[Exercise details]:
Starting at the line that holds "So Offensive Pom-Pom Beanie Hat" and stopping at the line that holds "Botanical print midi dress - Plus", restate the records below word for word, with both of those lines included.

[Source material]:
----------

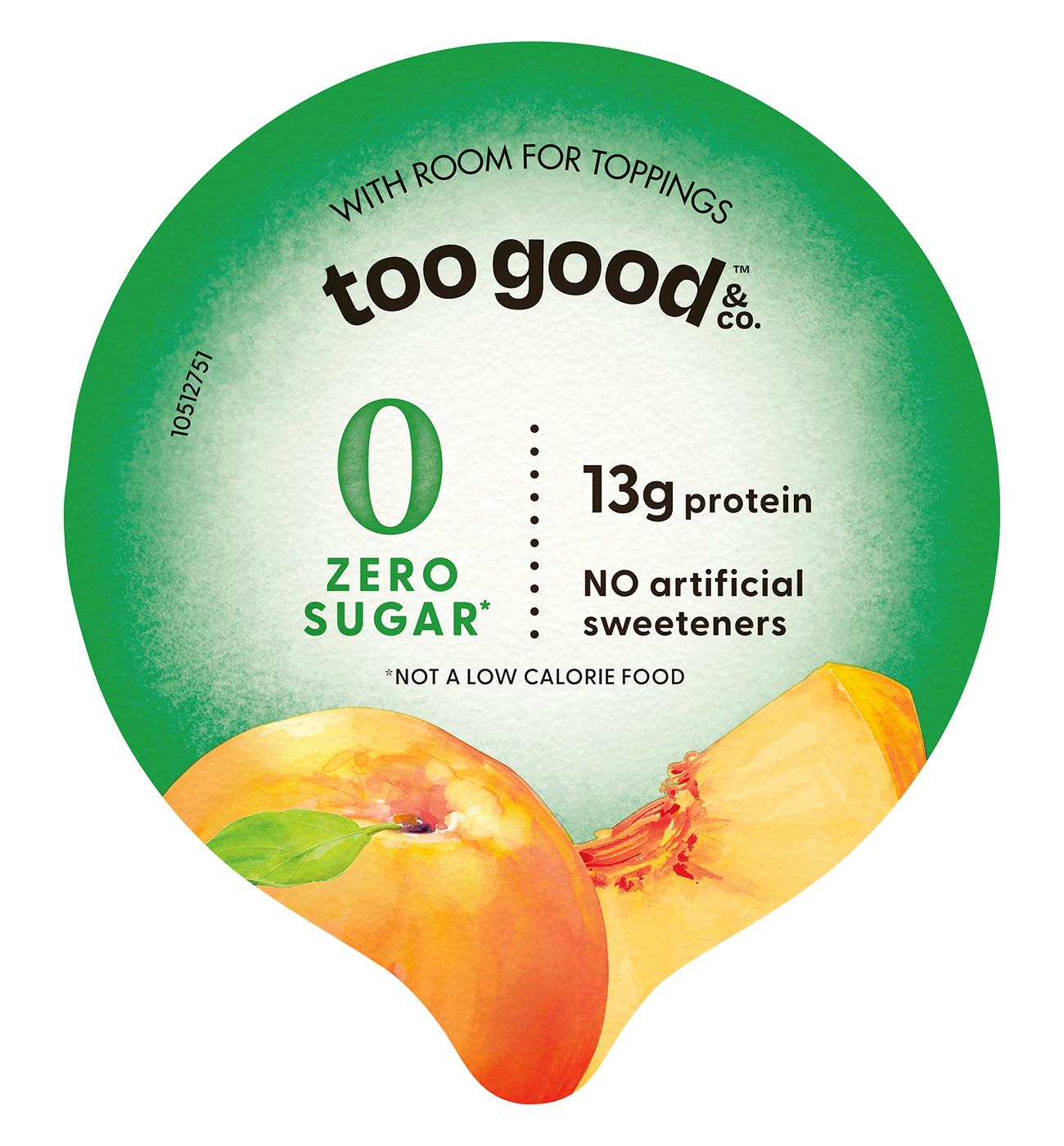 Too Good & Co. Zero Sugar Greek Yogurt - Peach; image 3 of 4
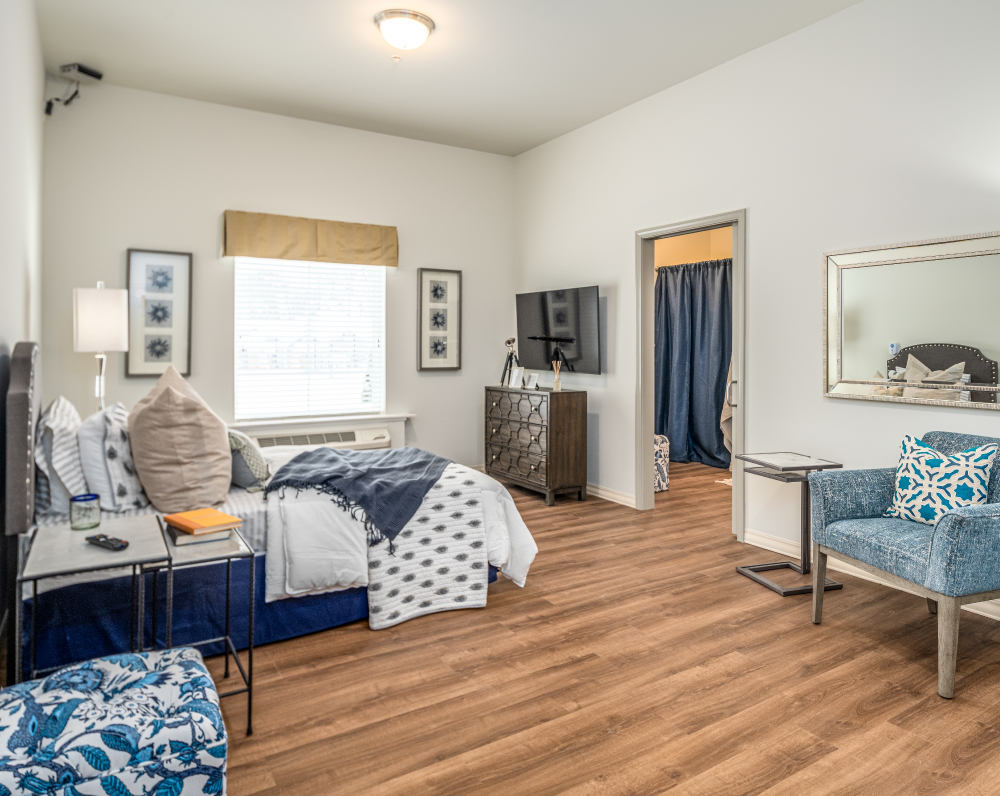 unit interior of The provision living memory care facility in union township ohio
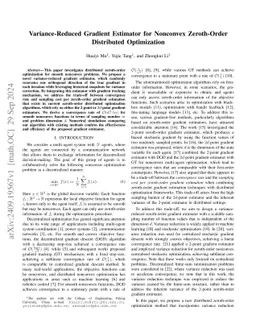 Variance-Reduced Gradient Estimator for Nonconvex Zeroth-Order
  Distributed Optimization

----------

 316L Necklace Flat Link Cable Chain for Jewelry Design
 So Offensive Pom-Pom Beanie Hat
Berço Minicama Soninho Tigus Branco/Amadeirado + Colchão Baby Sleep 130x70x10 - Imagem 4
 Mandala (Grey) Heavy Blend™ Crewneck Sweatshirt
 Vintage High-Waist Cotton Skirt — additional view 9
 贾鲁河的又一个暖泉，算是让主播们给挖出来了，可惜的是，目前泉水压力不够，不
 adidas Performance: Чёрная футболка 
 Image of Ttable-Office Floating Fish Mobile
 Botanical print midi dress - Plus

----------

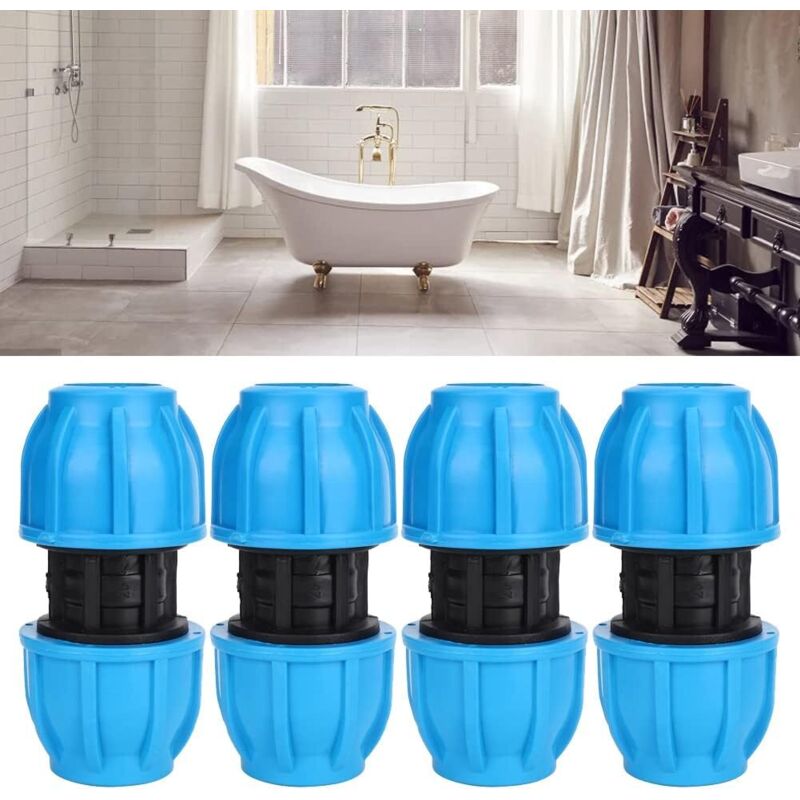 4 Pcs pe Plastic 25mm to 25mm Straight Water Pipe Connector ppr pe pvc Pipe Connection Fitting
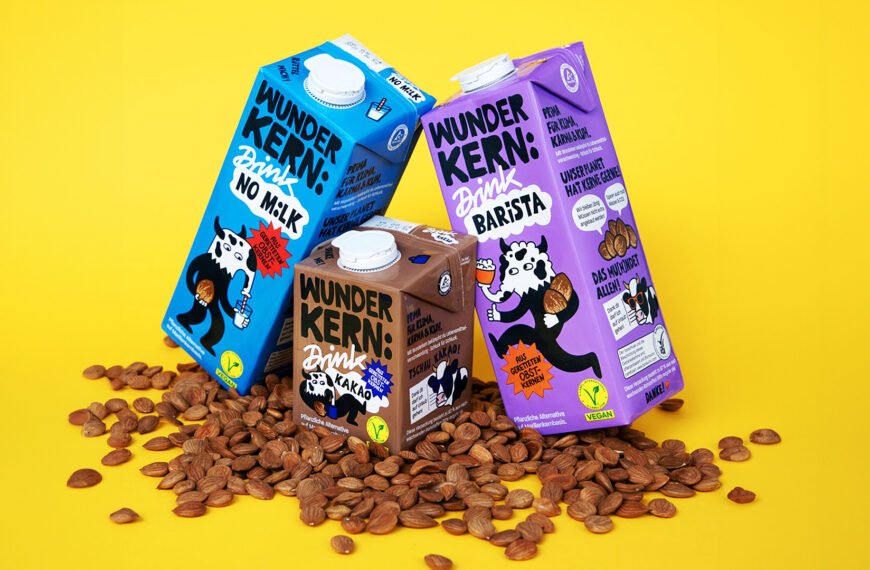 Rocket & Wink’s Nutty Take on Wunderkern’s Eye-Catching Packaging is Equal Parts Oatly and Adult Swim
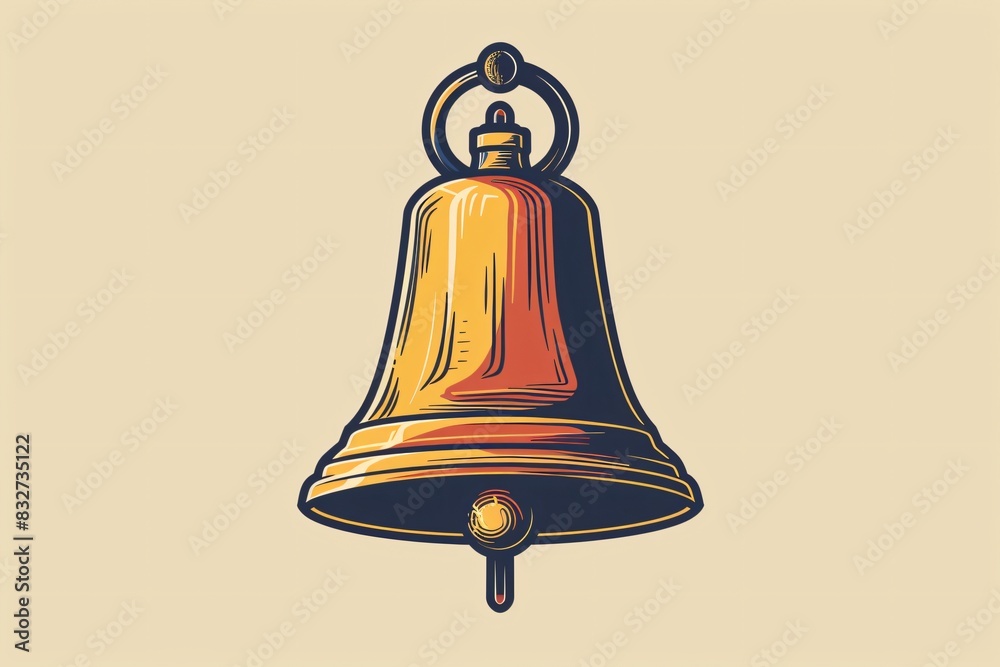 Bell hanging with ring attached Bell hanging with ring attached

----------

[Task output]:
 So Offensive Pom-Pom Beanie Hat
Berço Minicama Soninho Tigus Branco/Amadeirado + Colchão Baby Sleep 130x70x10 - Imagem 4
 Mandala (Grey) Heavy Blend™ Crewneck Sweatshirt
 Vintage High-Waist Cotton Skirt — additional view 9
 贾鲁河的又一个暖泉，算是让主播们给挖出来了，可惜的是，目前泉水压力不够，不
 adidas Performance: Чёрная футболка 
 Image of Ttable-Office Floating Fish Mobile
 Botanical print midi dress - Plus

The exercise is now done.